Intervention de Stefano Zacchiroli, enseignant-chercheur à Télécom
Paris, Polytechnic Institute of Paris, dans le cadre des séminaires du département Informatique.


The Software Heritage project has assembled the largest existing archive of publicly available software source code and associated development history, for more than 10 billion unique source code files and 2 billion unique commits, coming from more than 190 million software development projects.
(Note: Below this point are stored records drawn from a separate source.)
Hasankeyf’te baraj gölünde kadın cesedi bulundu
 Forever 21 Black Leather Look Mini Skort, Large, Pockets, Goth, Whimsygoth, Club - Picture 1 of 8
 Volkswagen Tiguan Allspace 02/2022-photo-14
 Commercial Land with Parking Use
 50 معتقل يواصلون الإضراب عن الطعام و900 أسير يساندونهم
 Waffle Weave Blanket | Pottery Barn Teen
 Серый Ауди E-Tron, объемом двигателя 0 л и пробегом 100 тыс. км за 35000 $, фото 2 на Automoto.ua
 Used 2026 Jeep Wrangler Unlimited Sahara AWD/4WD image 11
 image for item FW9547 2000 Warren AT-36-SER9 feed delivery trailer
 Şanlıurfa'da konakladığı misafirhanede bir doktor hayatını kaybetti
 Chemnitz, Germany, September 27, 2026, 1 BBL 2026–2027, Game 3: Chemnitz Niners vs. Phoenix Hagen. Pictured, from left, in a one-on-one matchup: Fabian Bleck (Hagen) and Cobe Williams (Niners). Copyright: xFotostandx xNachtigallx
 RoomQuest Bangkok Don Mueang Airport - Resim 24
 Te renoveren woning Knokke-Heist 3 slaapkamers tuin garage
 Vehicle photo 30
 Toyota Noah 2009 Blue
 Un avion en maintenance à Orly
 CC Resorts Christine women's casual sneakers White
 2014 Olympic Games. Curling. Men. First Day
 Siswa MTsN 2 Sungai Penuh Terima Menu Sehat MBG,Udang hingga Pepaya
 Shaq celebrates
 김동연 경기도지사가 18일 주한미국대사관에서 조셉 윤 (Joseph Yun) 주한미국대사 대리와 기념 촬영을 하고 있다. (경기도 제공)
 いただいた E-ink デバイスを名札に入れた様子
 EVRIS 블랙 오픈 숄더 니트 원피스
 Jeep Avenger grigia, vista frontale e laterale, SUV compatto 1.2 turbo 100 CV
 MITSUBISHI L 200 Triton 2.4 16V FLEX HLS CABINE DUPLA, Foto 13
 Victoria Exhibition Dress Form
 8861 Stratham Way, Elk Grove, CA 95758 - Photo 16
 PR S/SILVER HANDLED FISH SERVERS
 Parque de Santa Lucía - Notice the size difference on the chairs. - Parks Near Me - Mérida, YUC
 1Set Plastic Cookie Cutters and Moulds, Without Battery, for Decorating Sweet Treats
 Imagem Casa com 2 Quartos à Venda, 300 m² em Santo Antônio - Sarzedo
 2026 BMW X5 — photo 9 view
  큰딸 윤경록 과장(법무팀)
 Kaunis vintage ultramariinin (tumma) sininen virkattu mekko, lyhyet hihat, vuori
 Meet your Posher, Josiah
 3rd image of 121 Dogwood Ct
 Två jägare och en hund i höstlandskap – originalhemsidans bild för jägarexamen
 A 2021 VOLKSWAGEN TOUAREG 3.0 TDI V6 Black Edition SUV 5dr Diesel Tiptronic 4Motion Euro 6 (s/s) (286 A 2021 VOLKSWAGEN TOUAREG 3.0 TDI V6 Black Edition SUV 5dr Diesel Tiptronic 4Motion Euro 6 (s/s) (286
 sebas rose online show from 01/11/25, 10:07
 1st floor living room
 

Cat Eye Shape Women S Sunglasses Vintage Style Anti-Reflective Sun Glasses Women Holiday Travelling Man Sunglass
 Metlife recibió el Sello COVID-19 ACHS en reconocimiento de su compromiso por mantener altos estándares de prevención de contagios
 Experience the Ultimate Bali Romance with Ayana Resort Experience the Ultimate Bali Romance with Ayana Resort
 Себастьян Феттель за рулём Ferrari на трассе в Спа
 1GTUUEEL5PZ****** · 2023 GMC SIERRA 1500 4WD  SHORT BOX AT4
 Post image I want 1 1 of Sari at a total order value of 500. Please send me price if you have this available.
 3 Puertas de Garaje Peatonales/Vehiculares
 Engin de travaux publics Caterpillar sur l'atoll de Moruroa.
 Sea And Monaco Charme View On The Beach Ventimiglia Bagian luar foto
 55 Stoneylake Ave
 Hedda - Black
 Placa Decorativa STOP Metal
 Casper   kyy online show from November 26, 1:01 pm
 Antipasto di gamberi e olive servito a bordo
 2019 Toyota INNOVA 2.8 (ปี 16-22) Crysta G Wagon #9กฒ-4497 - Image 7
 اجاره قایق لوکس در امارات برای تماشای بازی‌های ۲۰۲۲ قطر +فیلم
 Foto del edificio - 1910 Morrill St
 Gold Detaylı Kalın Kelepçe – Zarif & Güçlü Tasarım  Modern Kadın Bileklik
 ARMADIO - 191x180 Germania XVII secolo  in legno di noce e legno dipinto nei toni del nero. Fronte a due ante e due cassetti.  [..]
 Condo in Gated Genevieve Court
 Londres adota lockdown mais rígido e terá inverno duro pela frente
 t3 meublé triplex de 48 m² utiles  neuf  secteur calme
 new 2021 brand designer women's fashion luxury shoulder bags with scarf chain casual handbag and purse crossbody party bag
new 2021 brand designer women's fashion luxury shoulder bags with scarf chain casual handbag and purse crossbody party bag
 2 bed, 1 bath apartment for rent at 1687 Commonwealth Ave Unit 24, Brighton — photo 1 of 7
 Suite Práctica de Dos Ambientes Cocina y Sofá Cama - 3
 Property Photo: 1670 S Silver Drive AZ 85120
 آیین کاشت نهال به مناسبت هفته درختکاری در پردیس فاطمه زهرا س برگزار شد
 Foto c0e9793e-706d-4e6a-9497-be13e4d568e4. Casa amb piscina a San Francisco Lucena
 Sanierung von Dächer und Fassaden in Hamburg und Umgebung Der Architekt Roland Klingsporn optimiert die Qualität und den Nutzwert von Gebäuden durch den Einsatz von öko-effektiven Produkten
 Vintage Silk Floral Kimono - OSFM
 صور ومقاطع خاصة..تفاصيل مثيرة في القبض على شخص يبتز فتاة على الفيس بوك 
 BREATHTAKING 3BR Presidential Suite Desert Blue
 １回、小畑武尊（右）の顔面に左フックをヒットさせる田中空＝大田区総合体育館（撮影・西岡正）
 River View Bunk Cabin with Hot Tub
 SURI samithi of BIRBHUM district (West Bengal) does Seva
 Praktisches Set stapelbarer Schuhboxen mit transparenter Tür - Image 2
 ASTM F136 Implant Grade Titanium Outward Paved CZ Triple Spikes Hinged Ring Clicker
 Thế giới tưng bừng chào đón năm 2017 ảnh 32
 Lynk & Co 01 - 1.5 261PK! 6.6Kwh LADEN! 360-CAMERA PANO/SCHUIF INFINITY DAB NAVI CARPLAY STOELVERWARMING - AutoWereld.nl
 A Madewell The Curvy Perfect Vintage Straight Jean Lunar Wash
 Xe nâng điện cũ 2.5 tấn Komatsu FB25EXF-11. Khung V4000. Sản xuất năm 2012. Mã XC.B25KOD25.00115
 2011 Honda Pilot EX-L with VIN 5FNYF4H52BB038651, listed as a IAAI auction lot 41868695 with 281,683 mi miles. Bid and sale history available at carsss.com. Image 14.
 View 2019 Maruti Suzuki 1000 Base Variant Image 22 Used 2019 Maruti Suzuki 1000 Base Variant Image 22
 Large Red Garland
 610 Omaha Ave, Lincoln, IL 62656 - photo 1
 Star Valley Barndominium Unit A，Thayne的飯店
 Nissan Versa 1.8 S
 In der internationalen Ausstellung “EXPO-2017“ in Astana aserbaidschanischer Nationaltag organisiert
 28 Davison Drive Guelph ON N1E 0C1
 In this talk we will review the project background and current status with a focus on its graph-based data model and its research applications. The archive is a Merkle DAG whose nodes stand for source code development artifacts such as source files, code trees, commits, releases, and version control system (VCS) snapshots. The graph is typed, fully-deduplicated, and global, allowing to keep track of all the different places (e.g., different VCS repositories) from which a given artifacts have been distributed from. The graph is huge, with about 200 billion edges and 20 billion nodes and exponentially growing, doubling every 2 years.

 We will discuss the state-of-the-art of operating, analyzing, and querying the Software Heritage graph, highlighting recent research results obtained using it as a large-scale dataset in the field of  empirical software engineering.